WORK TO COMPLETE:
A verbatim copy of the full data, with no pictures, is the expected answer.

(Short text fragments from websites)
□ □ □ □

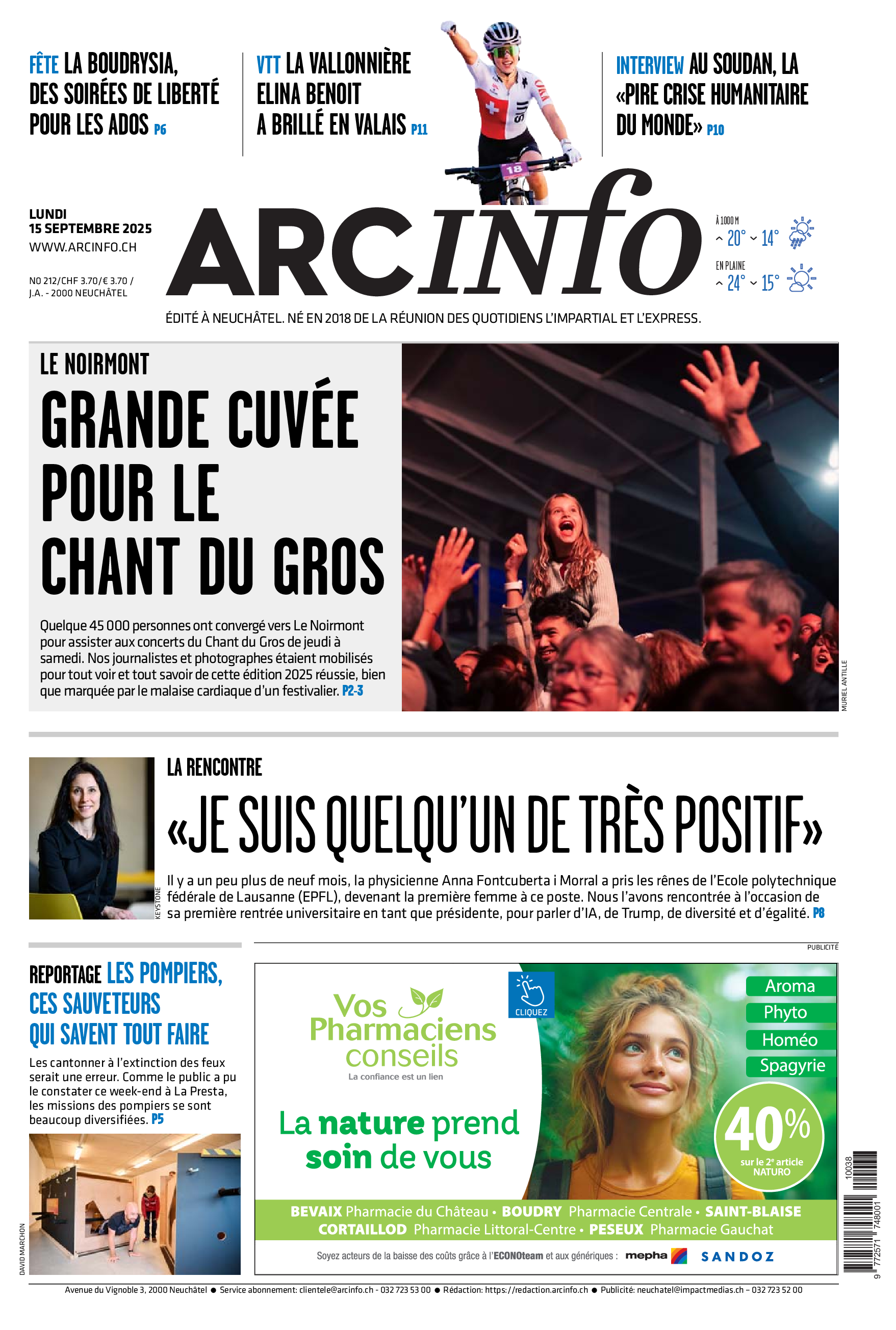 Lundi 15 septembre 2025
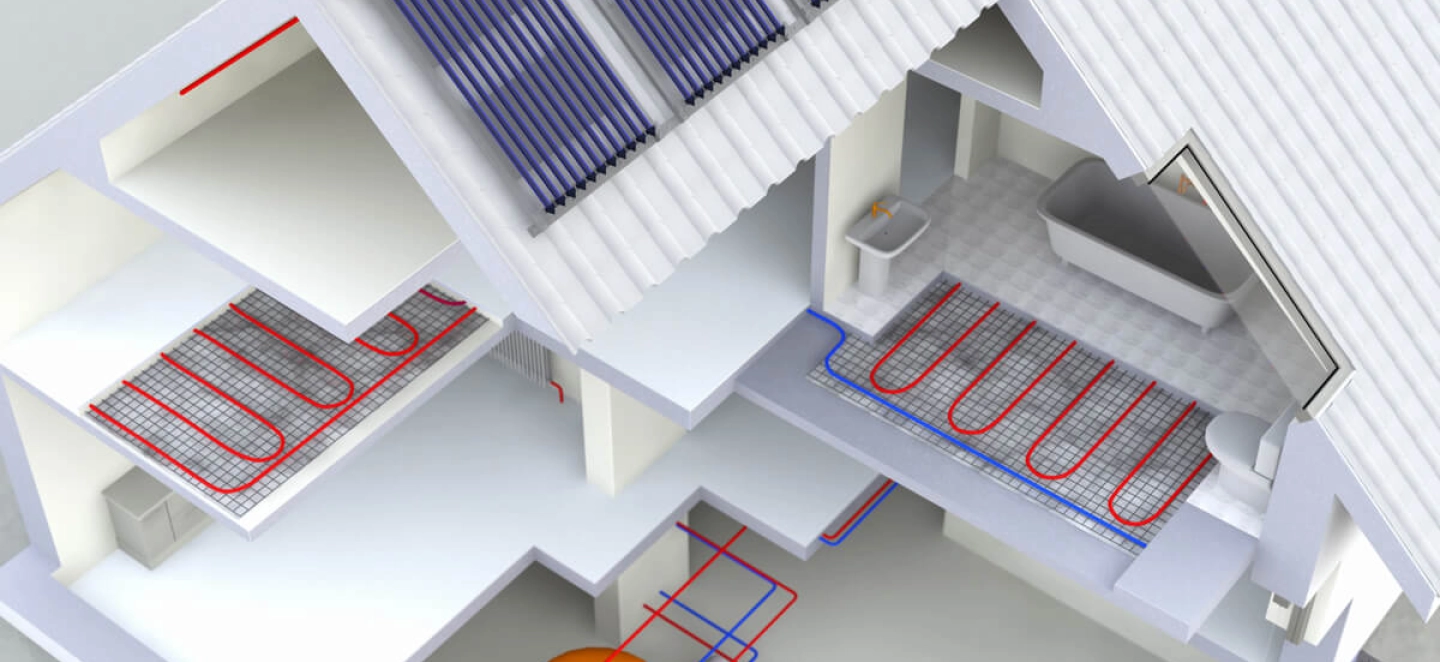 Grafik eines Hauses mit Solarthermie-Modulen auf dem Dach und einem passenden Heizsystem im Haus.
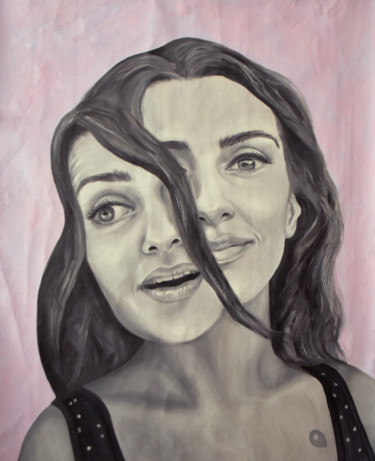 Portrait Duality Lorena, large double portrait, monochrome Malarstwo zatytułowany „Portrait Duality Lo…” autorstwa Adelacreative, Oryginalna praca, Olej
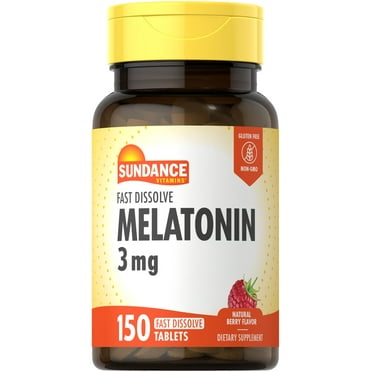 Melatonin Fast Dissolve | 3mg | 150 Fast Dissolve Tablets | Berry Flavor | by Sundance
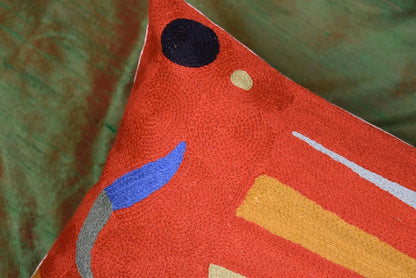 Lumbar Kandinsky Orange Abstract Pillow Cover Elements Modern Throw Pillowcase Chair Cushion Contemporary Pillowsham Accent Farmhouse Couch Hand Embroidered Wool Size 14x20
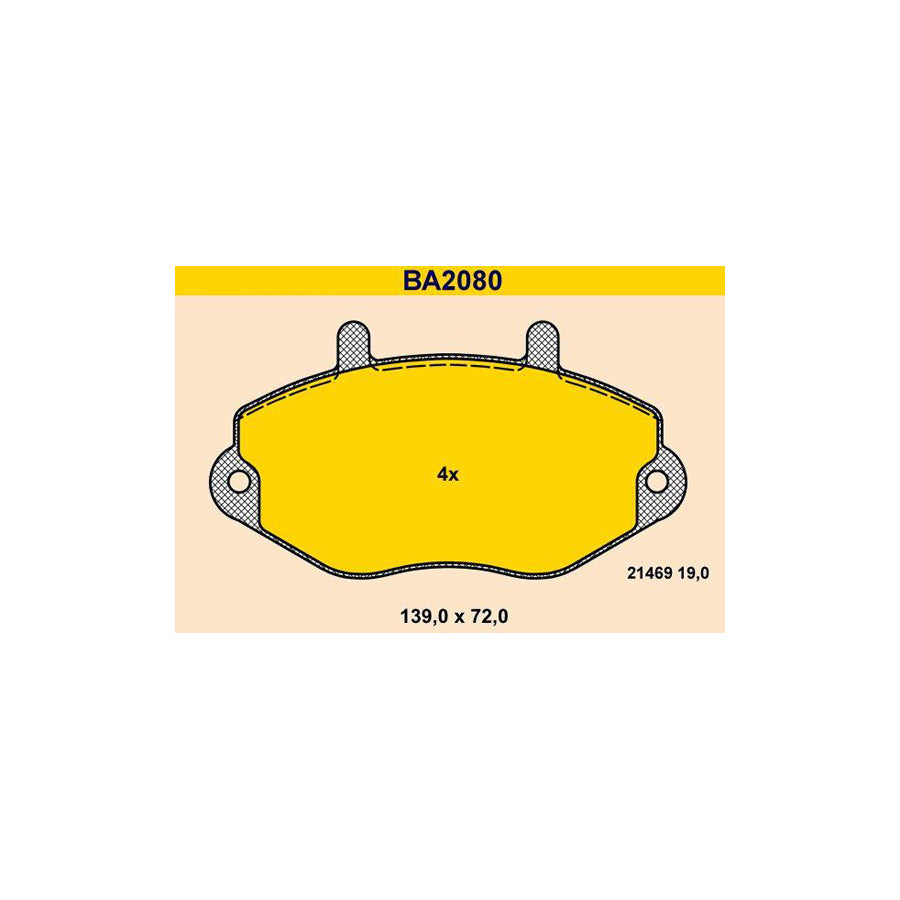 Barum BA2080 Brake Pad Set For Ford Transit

□ □ □ □

RESULT FOR THIS TASK:
 Lundi 15 septembre 2025
 Grafik eines Hauses mit Solarthermie-Modulen auf dem Dach und einem passenden Heizsystem im Haus.
 Portrait Duality Lorena, large double portrait, monochrome Malarstwo zatytułowany „Portrait Duality Lo…” autorstwa Adelacreative, Oryginalna praca, Olej
 Melatonin Fast Dissolve | 3mg | 150 Fast Dissolve Tablets | Berry Flavor | by Sundance
 Lumbar Kandinsky Orange Abstract Pillow Cover Elements Modern Throw Pillowcase Chair Cushion Contemporary Pillowsham Accent Farmhouse Couch Hand Embroidered Wool Size 14x20
 Barum BA2080 Brake Pad Set For Ford Transit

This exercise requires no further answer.